Gianluca Gaudenzi

Personal information
- Date of birth: 28 December 1965 (age 59)
- Place of birth: Riccione, Italy
- Height: 1.81 m (5 ft 11 in)
- Position: Midfielder

Senior career*
- Years: Team / Apps / (Gls)
- 1982–1983: Rimini / 26 / (5)
- 1983–1984: Brescia / 23 / (3)
- 1984–1985: Ancona / 18 / (1)
- 1985–1986: Livorno / 18 / (1)
- 1986–1988: Pescara / 50 / (3)
- 1988–1989: Monza / 28 / (1)
- 1989–1990: Verona / 29 / (2)
- 1990–1991: A.C. Milan / 12 / (0)
- 1991–1993: Cagliari / 30 / (2)
- 1993–1995: Pescara / 41 / (2)
- 1995–1996: Lucchese / 11 / (0)
- 1996–1997: Modena / 34 / (1)
- 1998–1999: Cesena / 17 / (0)

Managerial career
- 2001–2002: Fano
- 2002–2005: Ivrea
- 2005–2007: Carpenedolo
- 2007–2008: Pro Vercelli
- 2008–2009: Pescara
- 2010–2011: Pro Patria
- 2011–2012: Fano

= Gianluca Gaudenzi =

Italian footballer and coach

Gianluca Gaudenzi (born 28 December 1965) is an Italian professional football coach and a former player, who played as a midfielder.

==Career==
Gaudenzi was born in Riccione.

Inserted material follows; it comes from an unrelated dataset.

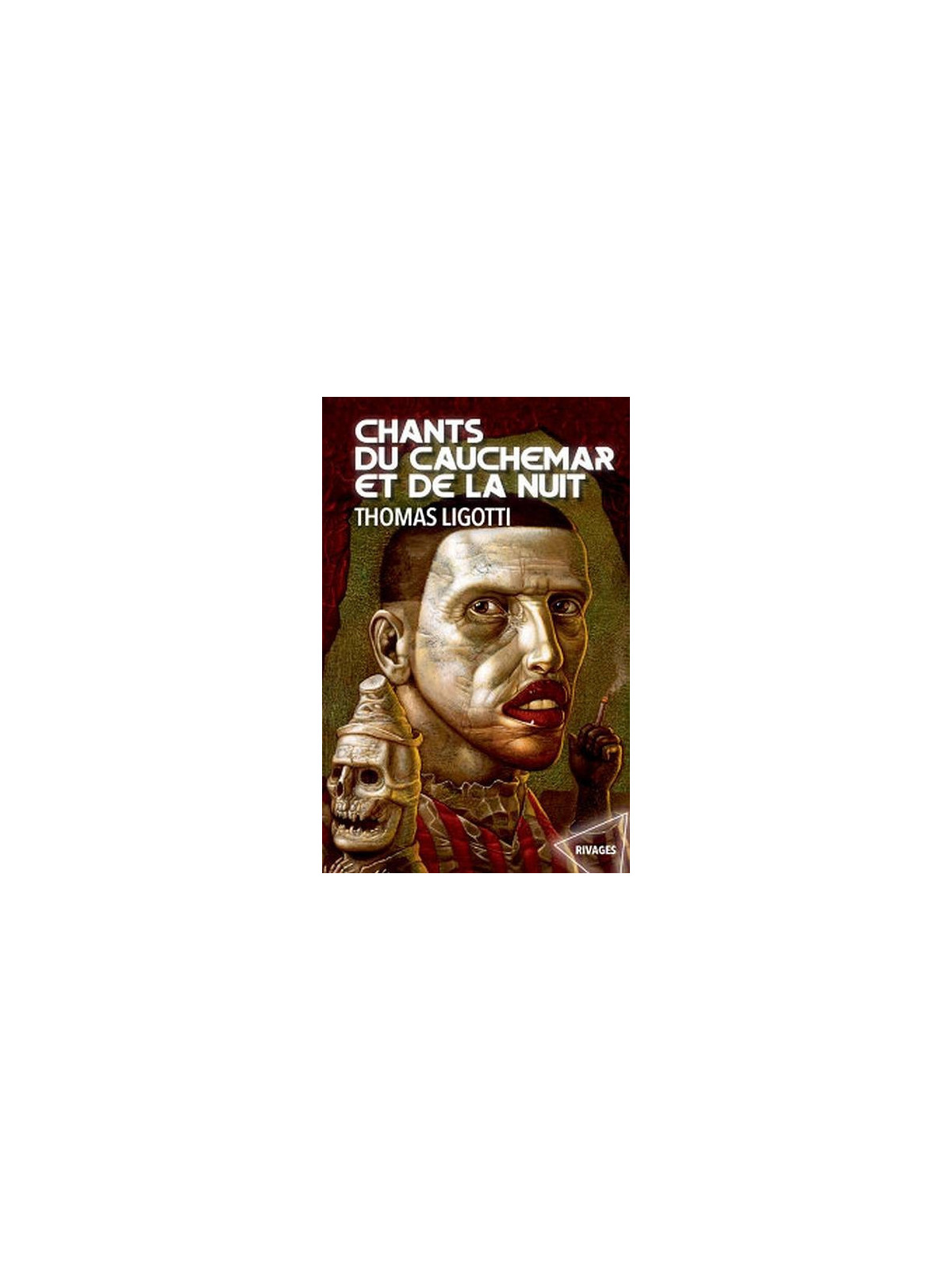 Thomas Ligotti : Chants du cauchemar et de la nuit
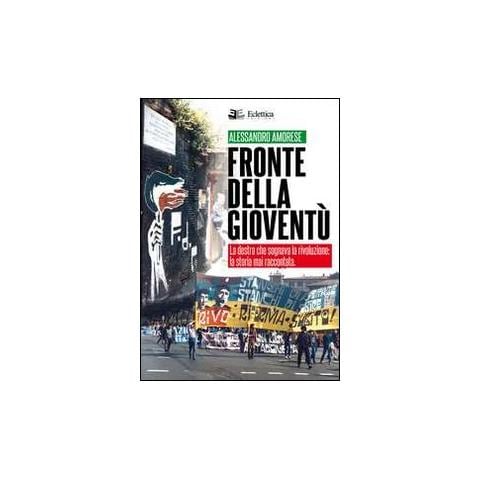 Alessandro Amorese - Fronte della gioventù. La destra che sognava la rivoluzione. La storia mai raccontata - Foto 1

After playing for plethora Italian clubs in the lower divisions, he made his Serie A debut with Verona in 1989, and later moved to A.C. Milan in 1990, where he won the UEFA Super Cup and the Intercontinental Cup during his only season with the club, under manager Arrigo Sacchi. He transferred to Serie A side Cagliari in 1991, where he remained until 1993. He subsequently played for several more Italian clubs in the lower divisions, until his retirement in 1999.

He began his coaching career with Serie D side Fano in 2001, but as of 2011, has remained inactive after being fired from Fano during the 2011–12 Lega Pro season.

==Honours==

===Player===
AC Milan
- UEFA Super Cup winner: 1990.
- Intercontinental Cup winner: 1990.